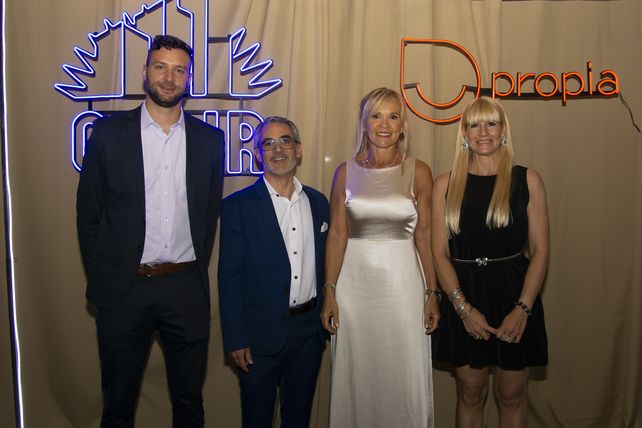 Iván Vrancich, Germán Locci, Gabriela Ortiz, Paola Coppari.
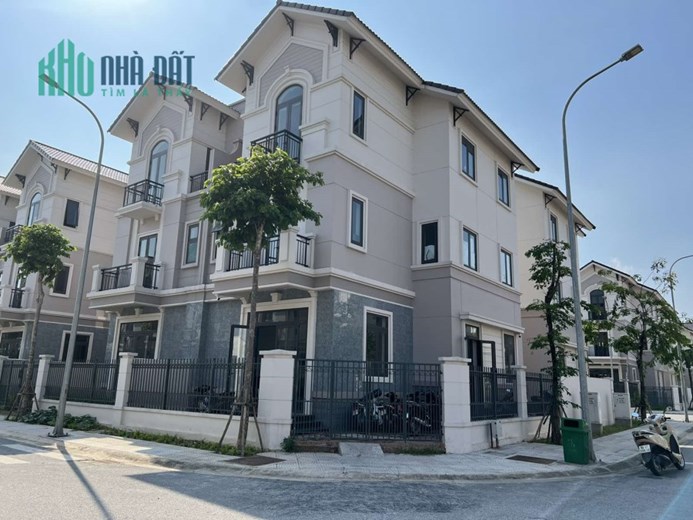 hủ nhà cần bán song lập góc đã hoàn thiện cho thuê 12 triệu tại Centa Villas Từ Sơn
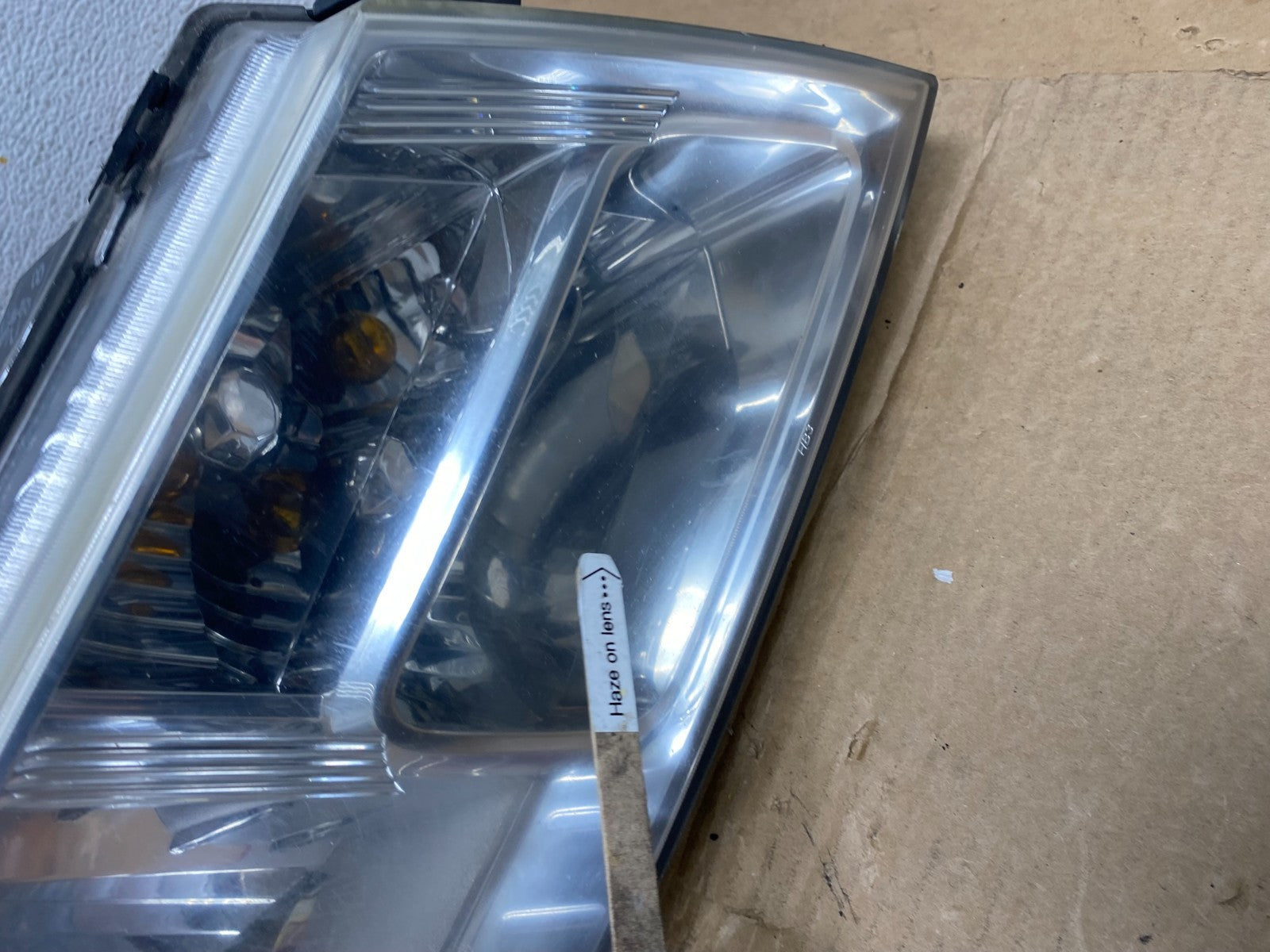 2009 to 2017 Dodge Journey Headlight Right Passenger Rh Halogen AD3890 DW4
:::::
TASK DETAILS
Every line from the one with "hủ nhà cần bán" through the last line of the material gets printed exactly, and nothing more. Omit the pictures.

RESULT OF THE EXERCISE
 hủ nhà cần bán song lập góc đã hoàn thiện cho thuê 12 triệu tại Centa Villas Từ Sơn
 2009 to 2017 Dodge Journey Headlight Right Passenger Rh Halogen AD3890 DW4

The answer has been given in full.